The major classes of inventories were as follows (in thousands):

March 31 June 30
1998 1997
----------- ---------
Inventories:
Finished parts $43,246 $38,713
Work in process 4,918 5,997
Raw materials 3,428 3,134
------- -------
$51,592 $47,844
------- -------

C. Contingencies

The Company is involved in various stages of investigation relative to
hazardous waste sites, two of which are on the United States EPA National
Priorities List (Superfund sites). The Company's assigned responsibility at
each of the Superfund sites is less than 2%. The Company has also been
requested to provide administrative information related to two other potential
Superfund sites but has not yet been identified as a potentially responsible
party.

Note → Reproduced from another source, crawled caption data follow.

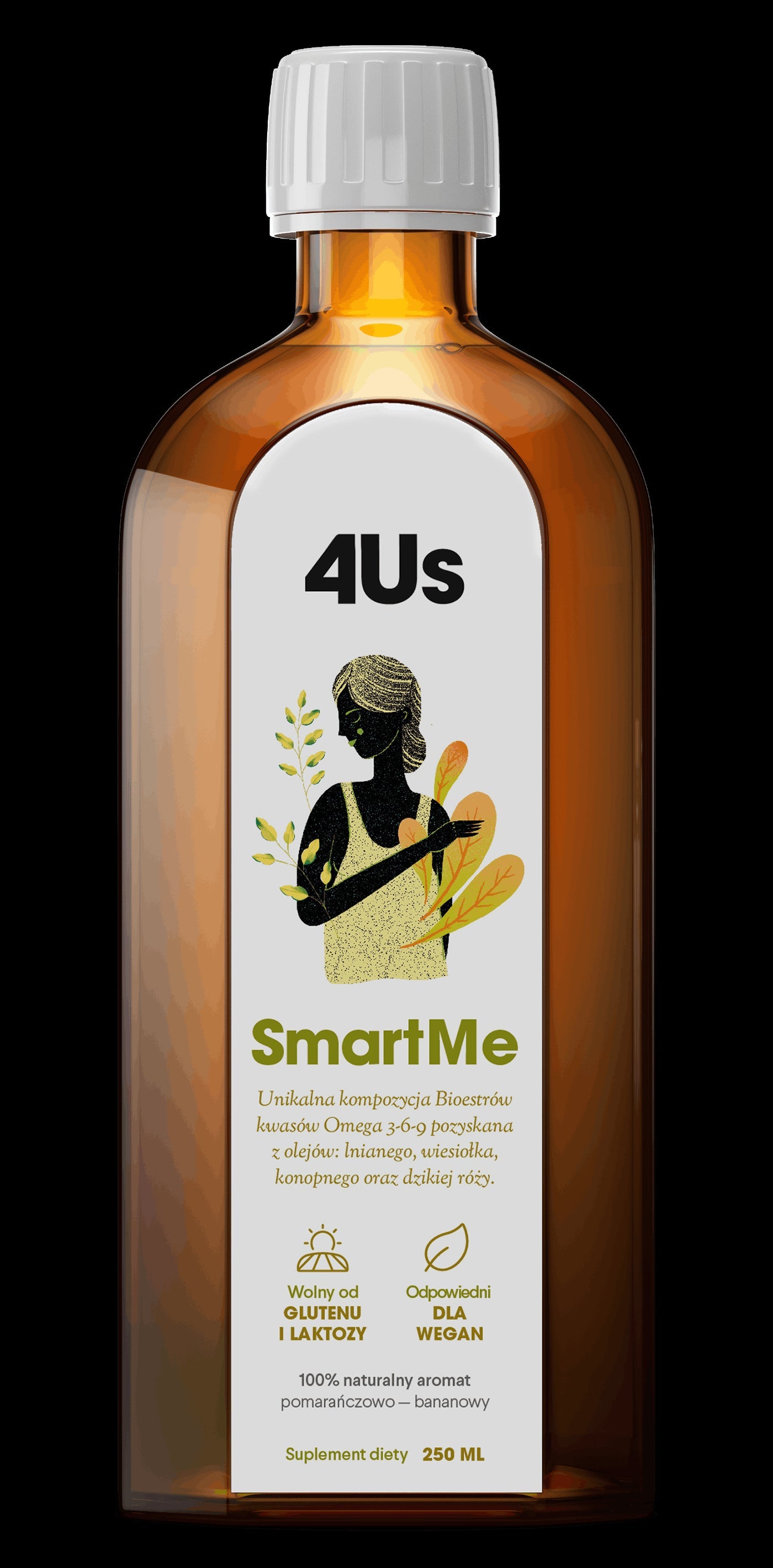 Smartme 250 ml GESUNDHEITSLABORE
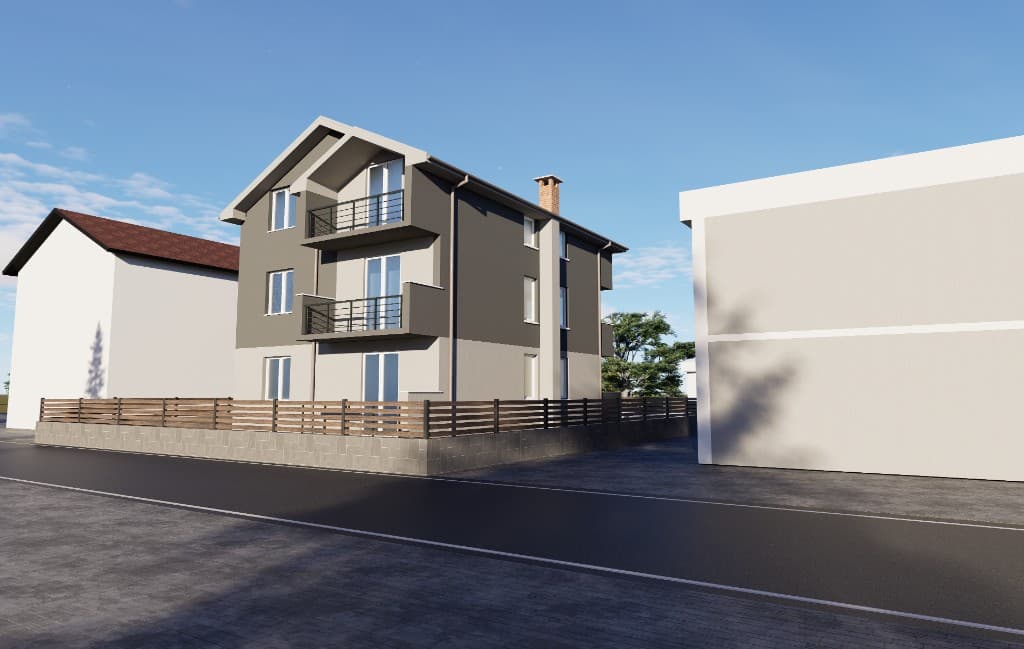 Modern Exterior Design - Image 3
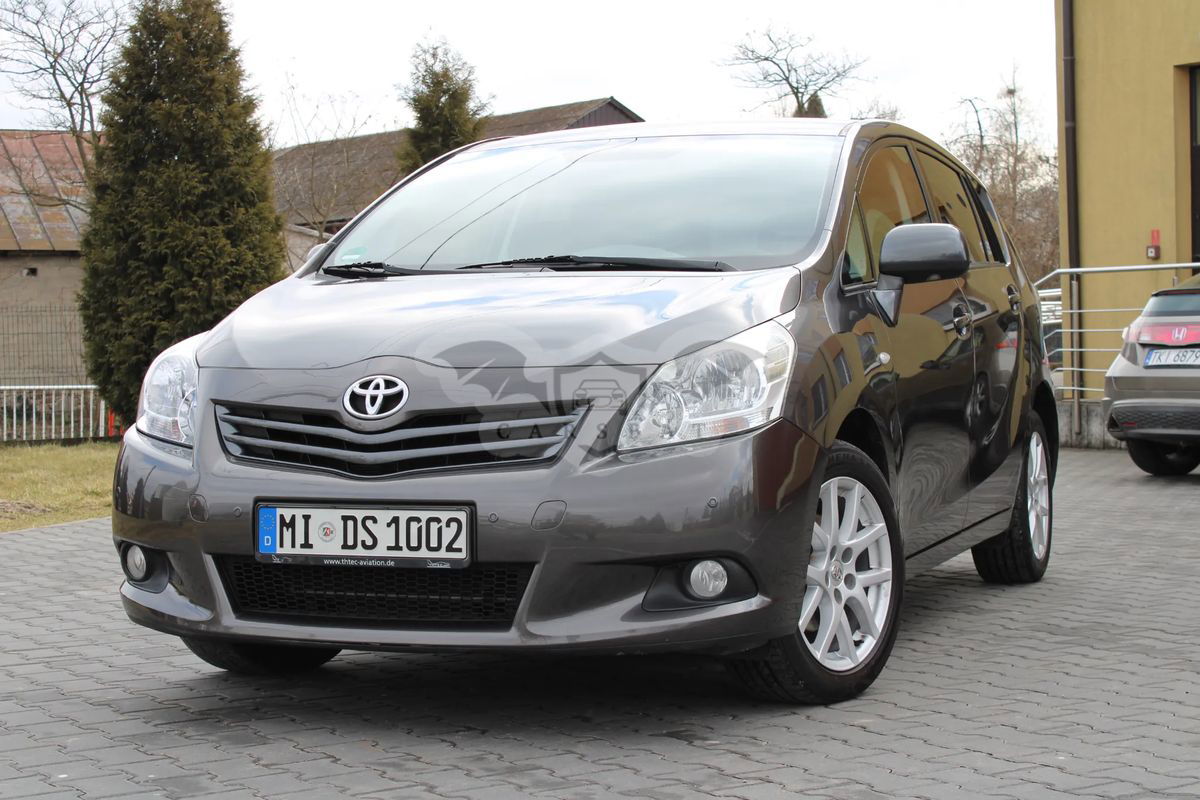 Toyota Verso 1.6 Premium 7os 2012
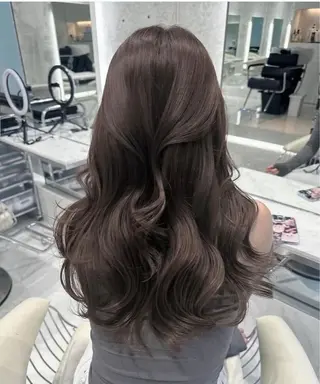 カラー ♡Yoshino♡ 色っぽトレンドヘアのヘアスタイル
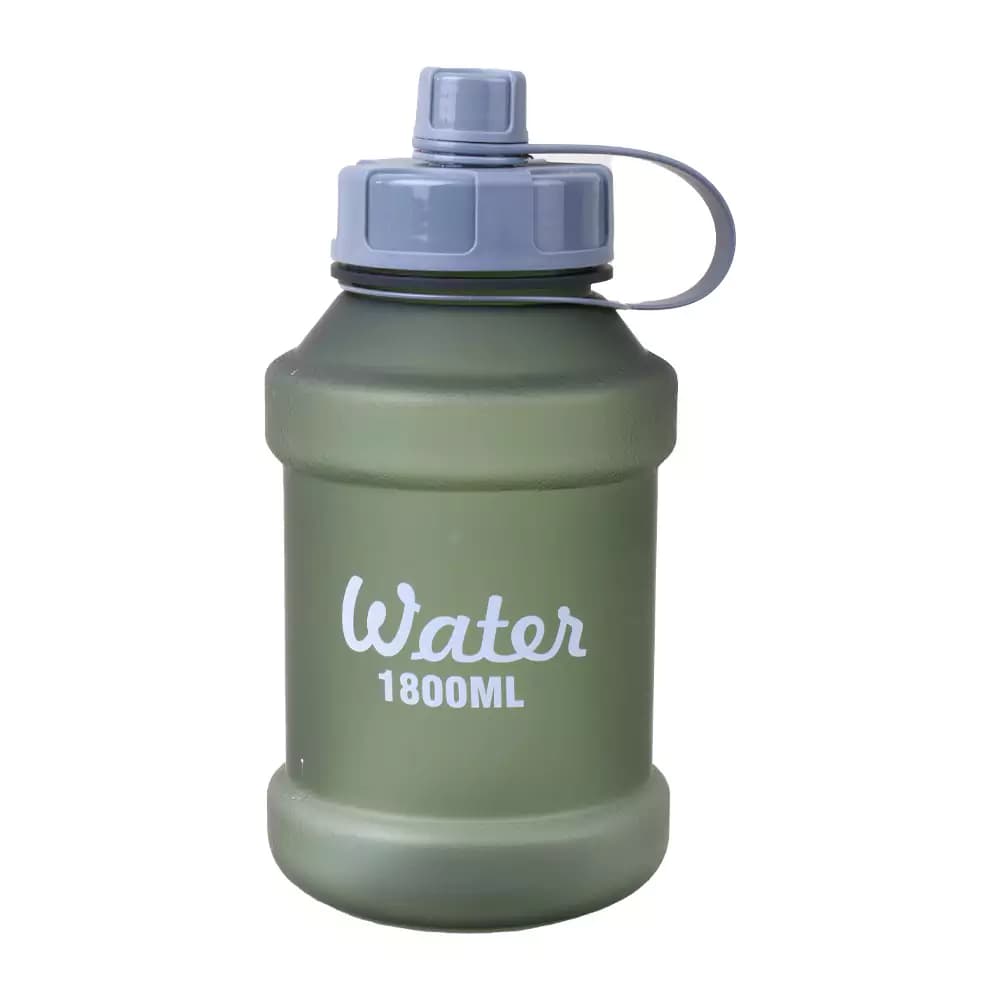 قمقمه نی دار جاگ واتر JUG-WATER ظرفیت 1800 سی سی — تصویر ۸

Additionally, the Company is subject to certain product liability
matters.

At March 31, 1998 the Company has accrued approximately $1,350,000, which
represents the best estimate available for the possible losses. This amount
has been accrued over the past several years. Based on the information
available, the Company does not expect that any unrecorded liability related
to these matters would materially affect the consolidated financial position,
results of operations or cash flows.
6

D. Earnings Per Share

During the second quarter, the Company adopted Statement of Financial
Accounting Standards (FAS) 128 "Earnings Per Share", which establishes new
standards for reporting earnings per share. The earnings per share
computations for prior periods have been restated to conform with the
provisions of FAS 128.
7
MANAGEMENT DISCUSSION AND ANALYSIS

Consolidated sales were off from the third quarter last year but about 11
percent ahead for the nine months. Net earnings were almost 25 percent higher
than last year's third quarter as a result of the higher sales and improved
margins overseas.

The contract with a European vehicle manufacturer was completed early in the
quarter and caused a decline in net sales. Offsetting some of that reduction
were higher domestic shipments of power take-offs, aftermarket renewal parts,
and Arneson surface drives. In addition, sales from our Belgian manufacturing
subsidiary were up considerably due to improved demand for lower horsepower
marine transmissions used in pleasure craft applications and torque converters
for light construction equipment. As discussed below, the stronger dollar
helped boost margins, but it served to reduce the dollar value of the sales
reported by that operation.

The changes in sales and earnings of our marketing subsidiaries were mixed.
Sales generally were up domestically, stable in Europe and down in the Pacific
Basin. Earnings generally followed the same pattern but with less improvement
domestically. Competitive pressure caused by the stronger dollar and the
Asian economic crisis were the principal causes of the declines in Australia
and Singapore.

The gross margin for the quarter showed significant improvement with all of
the gains attributed to our European manufacturing operation. Increases in
production activity since last year at that facility have provided for a
significant component of the improved profitability. Also, since a large
portion of the sales from that subsidiary are dollar denominated, the stronger
dollar has positively impacted its margins. Domestic margins were comparable
to a year ago.

Marketing, engineering and administrative expenses increased slightly from the
level of last year's third quarter. Most of the change was due to increased
product development and sales promotion expense. Interest expense was down
about 15 percent from a year ago due to reduction in domestic short-term
borrowing and the absence of the accrual made last year for a possible tax
adjustment.

Working capital declined by about 10 percent during the quarter primarily due
to pension plan contributions made in advance of their normal due dates.
These earlier contributions will help improve the plan funding levels and are
responsible for most of the increase in Other Assets. Accounts receivable
declined to its lowest level in two years, but inventory increased by $4
million from the previous quarter primarily as a result of increased material
in Europe to serve the higher marine transmission demand. As a result of the
factors cited above, the current ratio declined to 2.8 compared to 3.1 at the
end of the previous quarter. For the nine months, the cash flow from earnings
and depreciation was more than needed to fund fixed asset purchases and
dividends. Although cash reserves were used to provide for the pension
contributions mentioned earlier, we continue to maintain a strong balance
sheet and believe we have liquidity sufficient to meet our near-term needs.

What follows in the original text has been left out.